Martin Werding (* 23. März 1964 in Leverkusen) ist ein deutscher Wirtschaftswissenschaftler. Er hat an der Ruhr-Universität Bochum den Lehrstuhl für Sozialpolitik und öffentliche Finanzen inne.

Martin Werding, 2022

Er studierte Philosophie (M.A. 1989) und Volkswirtschaftslehre an der Ludwig-Maximilians-Universität München und an der Universität Passau (Dipl.-Volksw. 1991). Währenddessen schloss er eine Journalistenausbildung am Institut zur Förderung publizistischen Nachwuchses ab.[1] Nach seinem Studium war Werding von 1992 bis 1999 Wissenschaftlicher Mitarbeiter an den Lehrstühlen für Wirtschafts- und Sozialpolitik sowie für Finanzwissenschaft in Passau (Dr. rer. pol. 1997, Habilitation 2008).

Ab 1999 war er am Münchner ifo Institut für Wirtschaftsforschung tätig, wo er von 2000 bis 2008 den Bereich Sozialpolitik und Arbeitsmärkte leitete. 2007 hatte er eine Gastprofessur an der Hitotsubashi-Universität in Tokio. Nach Abschluss seiner Habilitation wurde er 2008 er als Professor für Sozialpolitik und öffentliche Finanzen an die Ruhr-Universität Bochum berufen.

Seine Forschungsschwerpunkte sind Öffentliche Finanzen, Sozialpolitik (Alterssicherung und Familienpolitik), Bevölkerungsökonomie (Fertilität und Migration) und Arbeitsmarktpolitik.

Martin Werding ist seit 2013 Mitglied der Akademie der Wissenschaften und der Literatur Mainz.[2]

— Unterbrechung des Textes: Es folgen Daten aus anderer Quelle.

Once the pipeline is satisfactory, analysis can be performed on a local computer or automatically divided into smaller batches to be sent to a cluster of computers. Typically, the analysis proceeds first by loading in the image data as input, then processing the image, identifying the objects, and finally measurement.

Im Jahr 2021 stellte Martin Werding zusammen mit Johannes Vogel und Christian Dürr auf der Bundespressekonferenz eine Studie zum Konzept der Aktienrente der FDP vor. Diese Studie ist durch Martin Werding und Benjamin Läpple im Auftrag der FDP-Fraktion im Deutschen Bundestag entstanden.[3][4]

Im September 2022 wurde Werding auf Vorschlag der Arbeitgeber in den Sachverständigenrat zur Begutachtung der gesamtwirtschaftlichen Entwicklung berufen.